When breaking into the world of real estate investing, it’s crucial to pick an investment strategy that works for you. Going in blind can mean wasted time and money, which nobody wants. Market timing and buy and hold are two popular investment strategies that are both considered “hands-off investing” as they don’t involve much management. However, that doesn’t mean these strategies are necessarily child’s play, but they can be lucrative if you play your cards right. If you’re trying to find the right investment strategy for you, let’s take a look at the buy-and-hold strategy vs. market timing.

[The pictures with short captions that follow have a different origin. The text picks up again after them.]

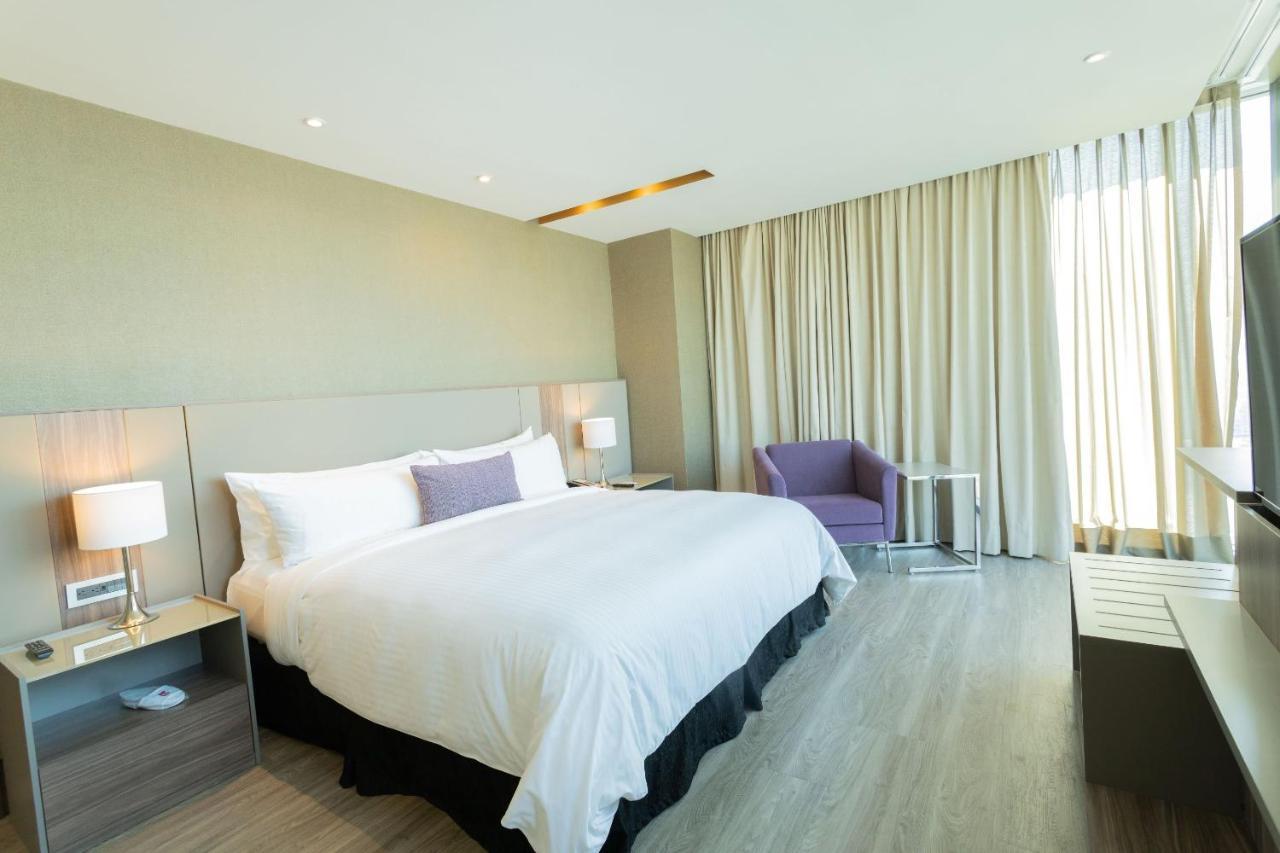 Camino Real Fashion Drive Monterrey Hotel San Pedro Garza Garcia Eksteriør billede A bedroom at the hotel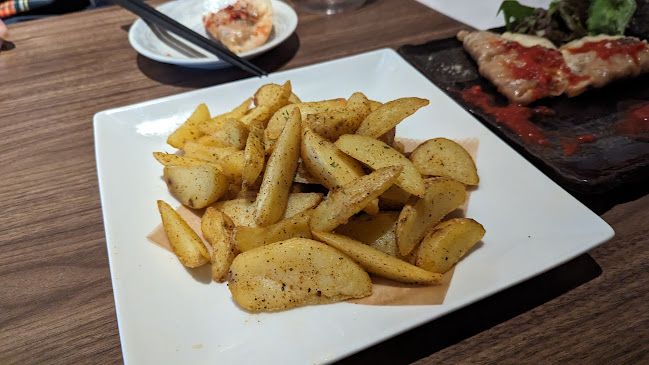 Comentarii opinii despre 溶岩焼きグリルと世界のワイン肉助 上大岡店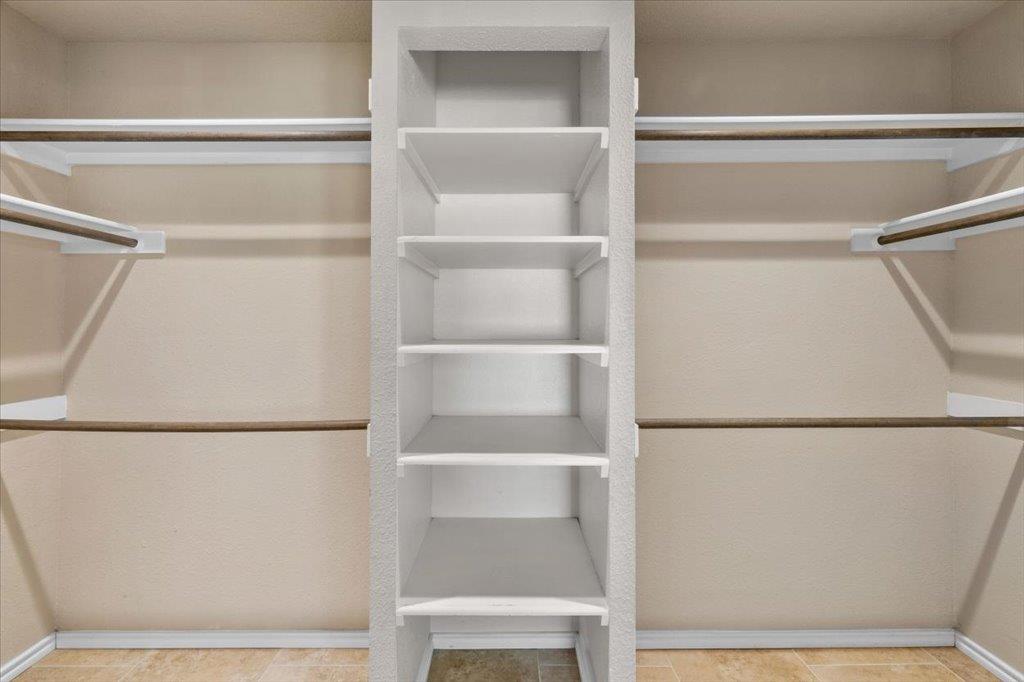 8900 MARTHAS Dr, Austin, TX 78717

What Is the Buy and Hold Strategy?
The buy and hold strategy is a long-term, passive investment that involves, in simple terms, buying an asset and holding onto that asset until it yields higher returns. In real estate, this investing involves buying a property, waiting for that property to appreciate, and selling it to another interested buyer so you can receive a return. This strategy is very hands-off and is generally considered safe real estate investment, but it takes time, patience, and knowledge. You must be able to evaluate the market and sell at the right time. However, while waiting for the property to appreciate, you can rent it out and make passive recurring income.
What Is Market Timing?
Market timing, also called timing the market, seems similar to the buy and hold strategy, but it’s quite the opposite. With buy and hold, investors will hold an asset for a long time regardless of market volatility. Market timing involves being able to predict the booms and busts of the real estate market. Real estate investors believe that they can break the housing market down into particular cycles, and there are ways to tell when the housing market is safe to invest in. However, this can only get you so far, as many outside factors aren’t as predictable and can affect these cycles.
Is One Better Than the Other?
Market timing receives a lot of backlash because it’s challenging for even the most experienced real estate investors to be able to “predict” the market. It involves checking the market daily, sometimes even hourly, to ensure you’re correctly timing your assets’ movement. If you aren’t intimately familiar and confident with your real estate market knowledge, this likely won’t be a lucrative strategy for you.
Buy and hold is a more reliable strategy for beginner and experienced real estate investors. The problem is that buying and holding takes time and patience, and many investors are looking to liquidate assets relatively quickly to get more returns. Ultimately, it depends on who you ask, but when it comes to the buy and hold strategy vs. market timing, most investors believe the buy and hold strategy is better.